The United States is a highly religious nation. Almost all Americans believe in God (83%) or a higher power (12%). But scientists are not your typical American. While only 4% of the public say they do not believe in a deity or higher power, a plurality of scientists do not (41%). Scientists are also far more likely to identify religiously as unaffiliated than is the general public (48% vs. 17%) or as atheist (17% vs. 2%). However, unlike the general population, younger scientists are more likely than older scientists to have a belief in God or a higher power. In addition, more chemists than those in other specialties say they believe in God. (Pew Research)
It’s encouraging to me to think that younger scientists have found the “fides et ratio” debate less of a zero sum game; curious that chemists are more likely as a group to profess a faith. I wonder if that’s because, by comparison, more women go into chemistry professionally. Or at least that was the legend when I was in college among my nerdiest, “Big Bang Theory” science friends, that all the “hot chicks were in chem.”
Hey, you can’t blame guys for dreaming.
In fact, we all do it and nobody knows why still. Dreaming itself may be like the human appendix, a necessary leftover from some evolutionary stage.
Or maybe not. Perhaps the appendix makes lousy leftovers after all.
ScienceDaily (Aug. 21, 2009) — The lowly appendix, long-regarded as a useless evolutionary artifact, won newfound respect two years ago when researchers at Duke University Medical Center proposed that it actually serves a critical function.

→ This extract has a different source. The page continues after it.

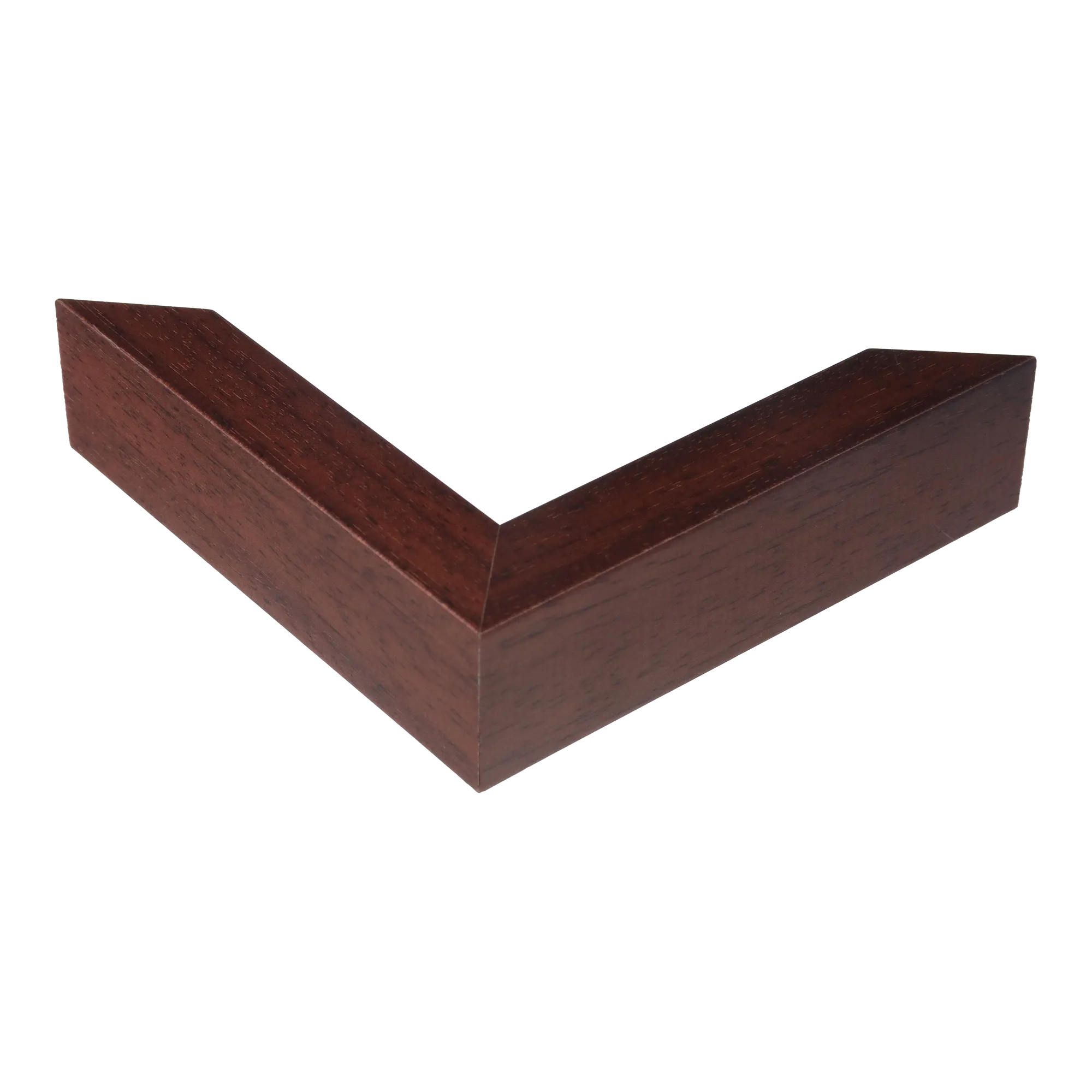 Corner view of Box in brown picture frame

The appendix, they said, is a safe haven where good bacteria could hang out until they were needed to repopulate the gut after a nasty case of diarrhea, for example.
Not only does it appear in nature much more frequently than previously acknowledged, but it has been around much longer than anyone had suspected.
"Maybe it's time to correct the textbooks," says William Parker, Ph.D., assistant professor of surgical sciences at Duke and the senior author of the study. "Many biology texts today still refer to the appendix as a 'vestigial organ.'"
If you’re trying to understand the concept of “vestigial organ”--that is, a functionary that originally served a purpose whose presence became a mystery--think “Alan Colmes” of FoxNews. Or, in light of this new evidence about the appendix, perhaps FoxNews should rethink cutting Alan Colmes from “Hannity and Colmes.” Maybe he served an important, as of yet helpful function after all--like storing good bacteria after a nasty case of the on-air tummy queezies.
Anyway, that brings us back to the importance of dreaming, whatever that is, or even to sleeping in general:
(PhysOrg.com) -- Bats, birds, box turtles, humans and many other animals share at least one thing in common: They sleep. Humans, in fact, spend roughly one-third of their lives asleep, but sleep researchers still don't know why.
According to the journal Science, the function of sleep is one of the 125 greatest unsolved mysteries in science. Theories range from brain "maintenance" — including memory consolidation and pruning — to reversing damage from oxidative stress suffered while awake, to promoting longevity. None of these theories are well established, and many are mutually exclusive.
Now, a new analysis has concluded that sleep's primary function is to increase animals' efficiency and minimize their risk by regulating the duration and timing of their behavior.
The research appears in the current online edition of the journal Nature Reviews Neuroscience.
"Sleep has normally been viewed as something negative for survival because sleeping animals may be vulnerable to predation and they can't perform the behaviors that ensure survival," Siegel said. These behaviors include eating, procreating, monitoring the environment for danger and scouting for prey.
Well, wait, doesn’t that answer why we sleep? We eat, then we get sleepy. We procreate, we get sleepy. We fall asleep while we’re on guard duty, scouting for prey . . . well, at least I’ve known a few guys in the upper midwest that always enjoy a good nap in their deer stands.